Covering a total area of around 220 sq. miles, 50 islands make up the U.S. Virgin Islands, which lie east of Puerto Rico. Colorful architecture, white sandy beaches, turquoise water, tax-free shopping and many typically Caribbean amenities make the mai...
Covering a total area of around 220 sq. miles, 50 islands make up the U.S. Virgin Islands, which lie east of Puerto Rico. Colorful architecture, white sandy beaches, turquoise water, tax-free shopping and many typically Caribbean amenities make the main island a popular holiday destination.

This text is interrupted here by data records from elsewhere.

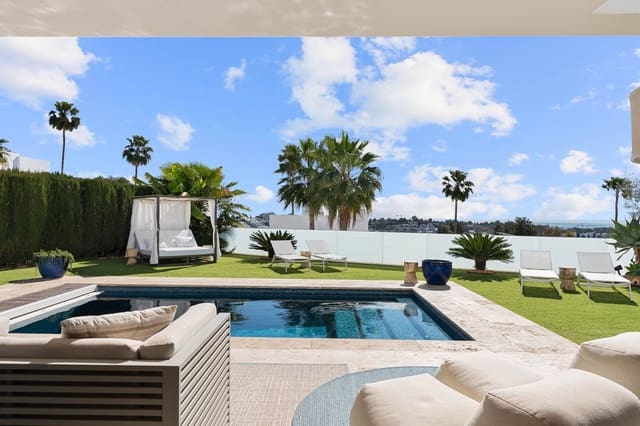 Chalet de 5 habitaciones en El Paraiso, Estepona en venta con garaje - 3.390.000 € (Ref: 9077368)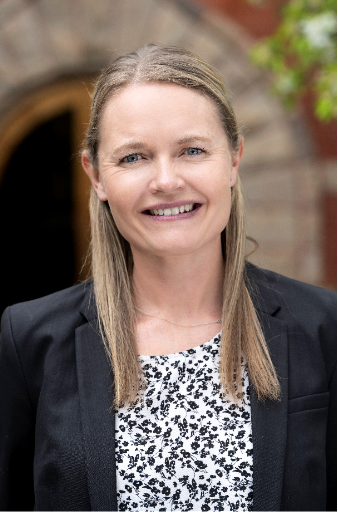 Photo of Lorraine Bonner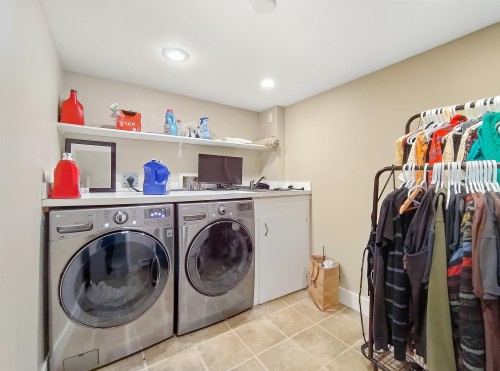 3521 39Th Avenue W, Vancouver, BC 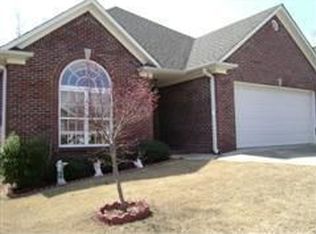 105 Annie Ln, Pleasant Grove, AL 35127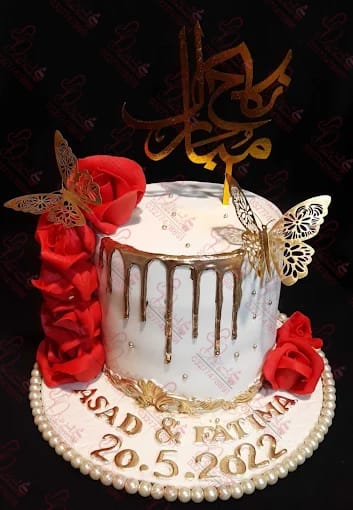 Decorated Wedding Flowers Cake Faisalabad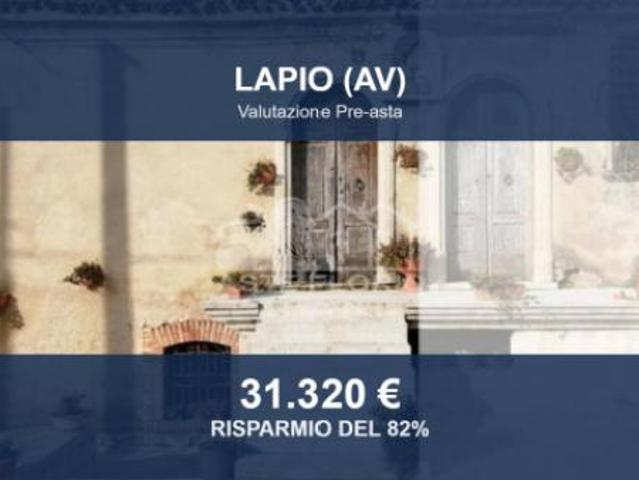 Capannone in vendita a Lapio, Campania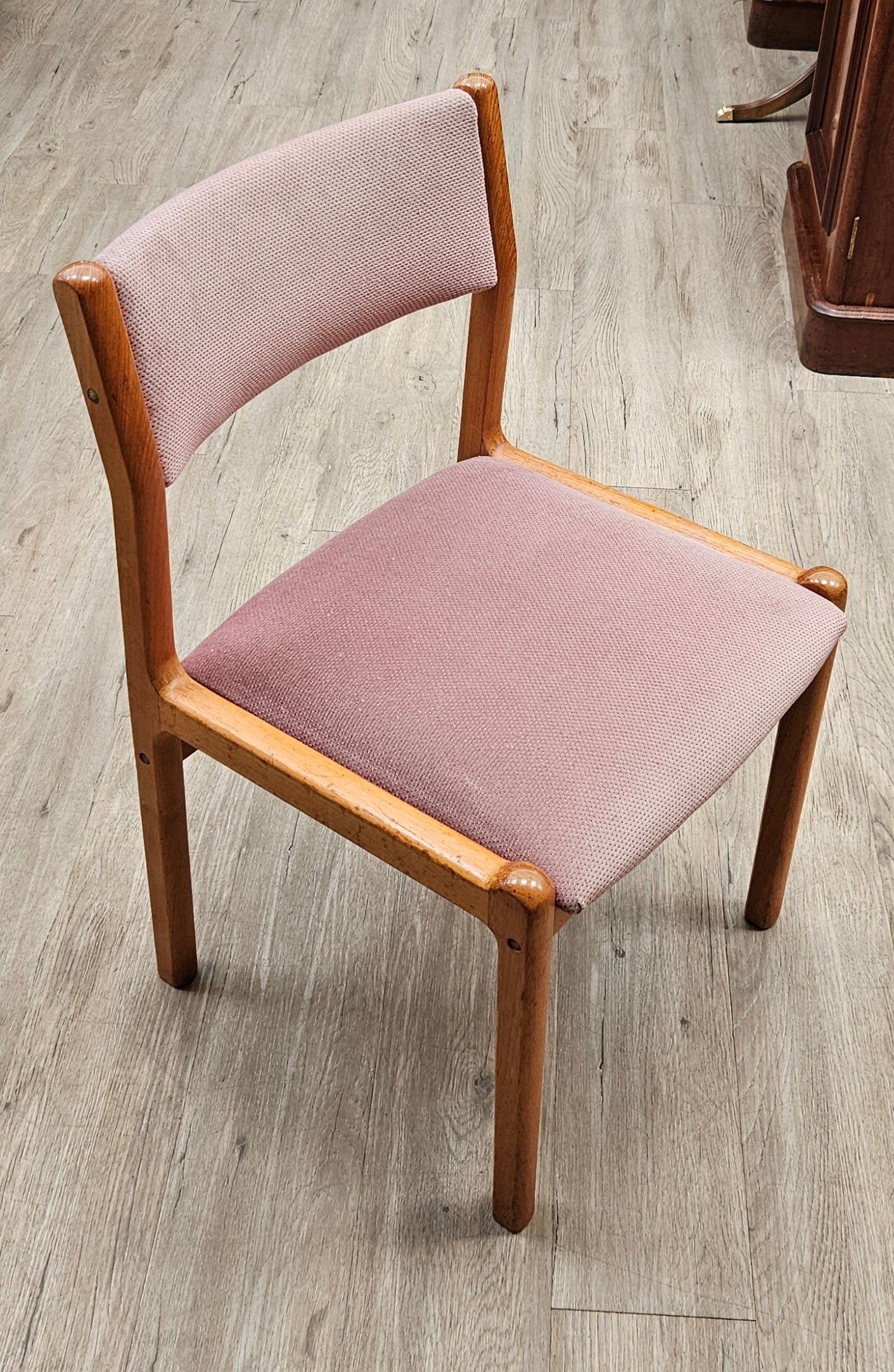 Set of 6 teak chairs, low back, pink seats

The animated St. Thomas (with around 50,000 inhabitants) is one of the top destinations for cruises. With around 3,500 inhabitants, St. John is somewhat quieter. Nearly the entire island is part of a national park which, in addition to fascinating flora and fauna, features a number of fantastic bays. Around 30 miles south, St. Croix is the largest island in this group of islands under U.S. administration. Life is contemplative here too, where much of the island is also part of a nature conservation area.

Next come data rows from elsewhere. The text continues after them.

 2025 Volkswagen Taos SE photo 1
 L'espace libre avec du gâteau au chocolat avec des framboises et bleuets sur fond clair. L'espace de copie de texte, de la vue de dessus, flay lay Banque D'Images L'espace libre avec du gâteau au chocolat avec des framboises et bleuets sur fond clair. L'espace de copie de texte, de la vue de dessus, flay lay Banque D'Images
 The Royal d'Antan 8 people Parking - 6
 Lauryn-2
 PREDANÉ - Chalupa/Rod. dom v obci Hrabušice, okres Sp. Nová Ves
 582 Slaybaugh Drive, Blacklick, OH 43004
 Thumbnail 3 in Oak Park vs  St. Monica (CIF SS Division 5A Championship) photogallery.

Americans discovered the Virgin Islands as a holiday paradise in the 1960s. Up until then, sugar cane cultivation had dominated the economy; today it is tourism. Visitors primarily cherish the islands as a Mecca for watersports, a paradise for divers and sailors. On land, the American way of life is upheld, and the islands have among the highest living standards in the Caribbean.
Buck Island Underwater National Monument
While the Virgin Islands in general offer breathtaking natural beauty, this is especially the case with Buck Island. In the underwater park at St. Croix, there are two nature trails marked with arrows for divers which lead from the beautiful Turtle Beach. The two diving routes marked on the sunken stone posts have one thing in common: an incomparable view of the fabulous underwater worlds.

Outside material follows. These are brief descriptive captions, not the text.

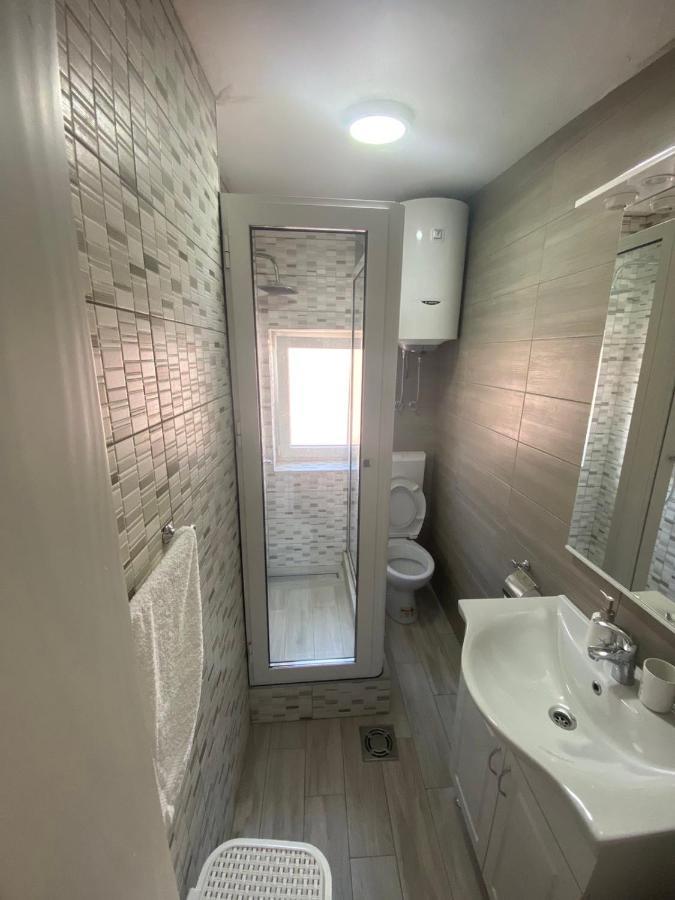 شقة Apartman Nikšić المظهر الخارجي الصورة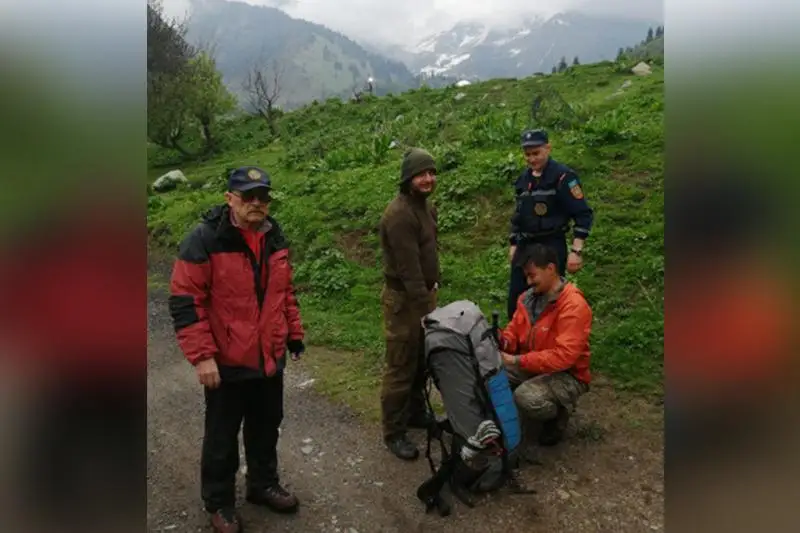 Ушли в поход с ночевкой - спасатели нашли двух туристов в горах близ Алматы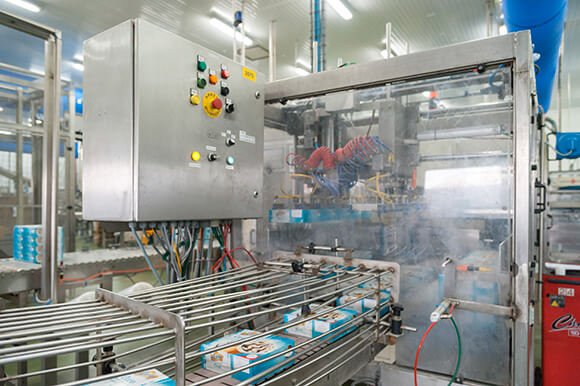 Ligne automatisée de conditionnement de glaces dans l'usine Agromousquetaires des Délices du Valplessis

Exotic and friendly sea creatures pass before the eyes of divers in these channels. Whether it's iridescent parrot fish, diadem emperor fish, wrasse or bold trumpet fish, they will all fascinate you with their bizarre shapes and bright body colors. The surface of Buck Island is a natural conservation area with an arid steppe, cacti and beautiful beaches. In addition to many rare species of land animals, pelicans and sea turtles also live on this small island.
Charlotte Amalie (around 15,000 inhabitants), the capital of St. Thomas, not only lures visitors due to its great bars, restaurants and clubs. The key phrase "tax-free" is what primarily attracts large numbers of tourists to the pretty shopping streets and shops. Perfume, alcohol, fashion goods and high-tech items can be bought here for up to 50% less than normal commercial prices.
However, there is more to Charlotte Amalie than the tax benefits. Colorfully painted houses in narrow streets warrant a wander around the city which will take in, among other things, the oldest synagogues in the western world. The St. Thomas Synagogue, built in 1796, is on Crystal Glade and, together with the Weibel Museum, possesses an interesting archive on the history of the local Jews. This island, where the road signs are written in Danish and people drive on the left side of the road, will remind you of colonial times. Here, you will also find one of the oldest buildings in the U.S. Fort Christian was constructed in 1672 by Danish settlers. It was used as a prison up until 1982 before housing the Virgin Islands Museum, which today hosts a collection of Indian artifacts and evidence of the island's rich history. The nearby Seven Arches Museum, with its beautiful flower gardens, bears witness to the Danish colonial past.
The capital of St. Croix, with its 3,000 inhabitants, resembles a European museum village in the tropics: quirky streets, wrought-iron doors, respectable front gardens and lovingly painted façades. It is this ambience, skillfully preserved from Danish colonial times, that appeals most to many visitors. Some buildings still survive from this era and thus create an air of nostalgia.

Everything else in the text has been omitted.